/QA-app

Question-Answering App Over Your Own Data with LLamaindex and ElasticSearch !

Primary LanguageJupyter Notebook

Illustration

Alt text

QA-app

Given a pdf folder consisting of various pdf files, this app deploys elastich search along with LLamaindex and can be used as Question Answering to your documents. Together with FastAPI, one can give query and get response and sources as output. Also can be used by companies as their QA app for their long policy documents to automate customer queiries regarding parental leave and so forth. I would like to hear your comments and feedbacks!

For custom use, you can add your own documents to /pdfs folder. Currently there are two articles added by default

How to Setup and Use the Service Easily

This section details the steps required to set up and run the service locally for development, testing, and deployment using Docker. Follow these instructions to get your environment ready.

Running the Application

To run the application using Docker, follow these steps and make sure you are in the project directory:

  1. Set Your OPENAI_API_KEY:

    • You have to set your OPENAI_API_KEY before running Docker as an environment variable. You can do this by running the following command in the terminal on macOS and Linux (You can use "set" instead of "export" on Windows):
      export OPENAI_API_KEY='your-api-key'
      
  2. Build the Docker Application:

    • Use Docker Compose to build the application. This will read the docker-compose.yml file and set up the necessary Docker containers:
      docker-compose build
      
  3. Start the Application:

    • Once the build is complete, start the application by running:
      docker-compose up
      
    • This command starts all the services defined in your Docker Compose configuration. The application will be running on http://localhost:8000 and you can send queries to the API to try on http://localhost:8000/docs#/default/perform_query_query__post.

Local Development Setup (optional, for DEVs)

  1. Create a Virtual Environment:

    • It's recommended to use a virtual environment to isolate package dependencies. To create a virtual environment, run:
      python3 -m venv venv
      
    • Activate the virtual environment:
      • On Windows:
        .\venv\Scripts\activate
        
      • On macOS and Linux:
        source venv/bin/activate
        
  2. Install Required Packages:

    • Install all the necessary packages using pip. This includes libraries specified in your requirements.txt:
      pip install -r requirements.txt
      
  3. Install Test Dependencies:

    • Ensure that your testing environment is also ready by installing the required packages for testing:
      pip install pytest
      

Running Test Cases defined in e2e_test.py (optional, for DEVs)

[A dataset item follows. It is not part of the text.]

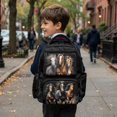 thumbnail image 4 of Aplkyhs Horse 17 Inch Backpack for Age 6-12 Lightweight Water Resistant School Bag for Kids Elementary School Travel, 4 of 7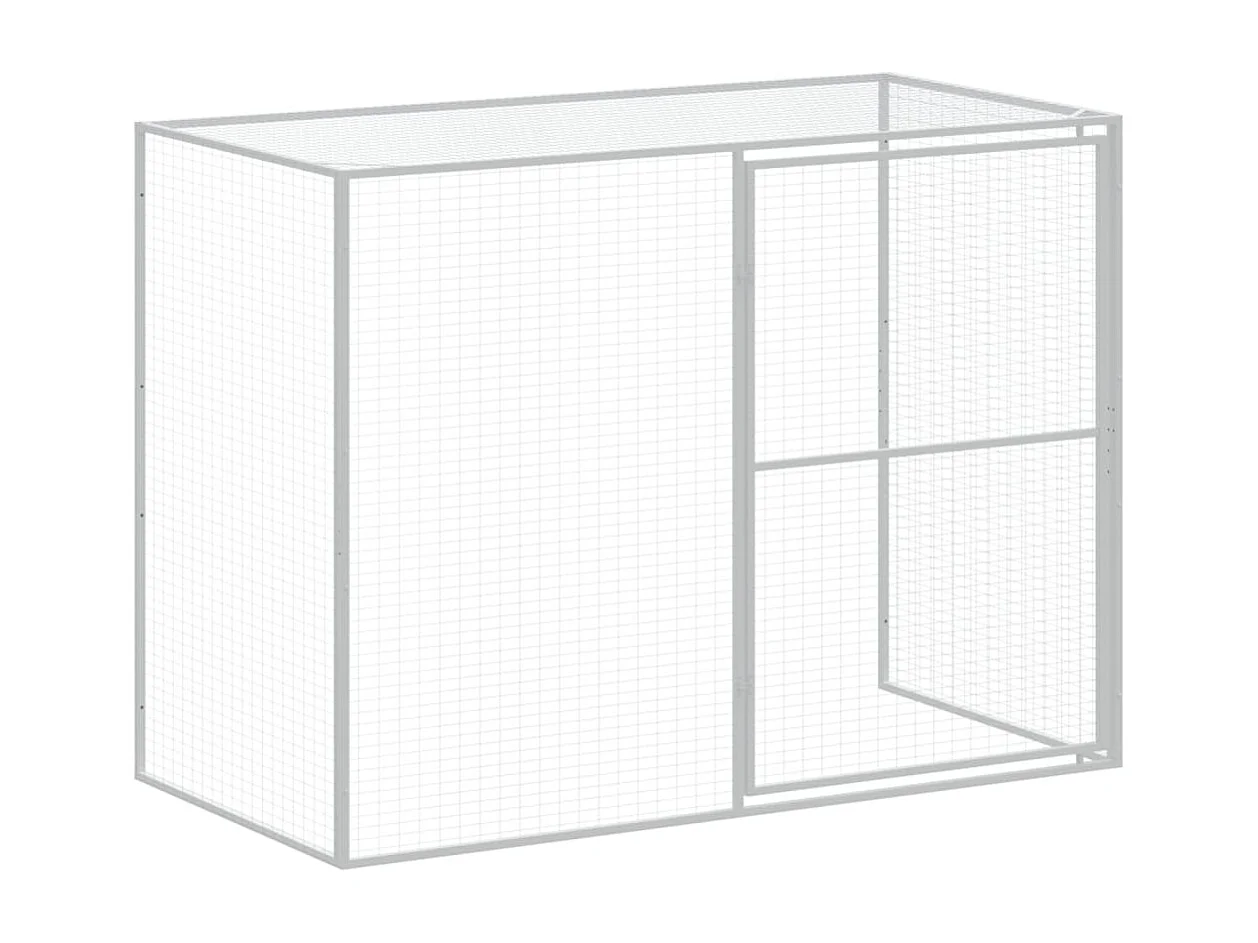 Niche pour chien avec cour gris clair 214x661x181 cm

To execute tests, first ensure that the Docker containers are up and running. Also make sure you properly followed the steps "Local Development Setup" above to create venv and install requirement files. You can perform the following:

  1. Start Docker Containers:

    • If not already running, start your Docker containers:
      docker-compose up
      
  2. Run Tests:

    • Execute the tests using pytest by running the following command in the terminal while you are in the project directory and the Docker containers are running:
      pytest
      

These steps will help you set up the development environment, run the application, and execute tests efficiently. Adjust the commands according to your specific configurations if necessary.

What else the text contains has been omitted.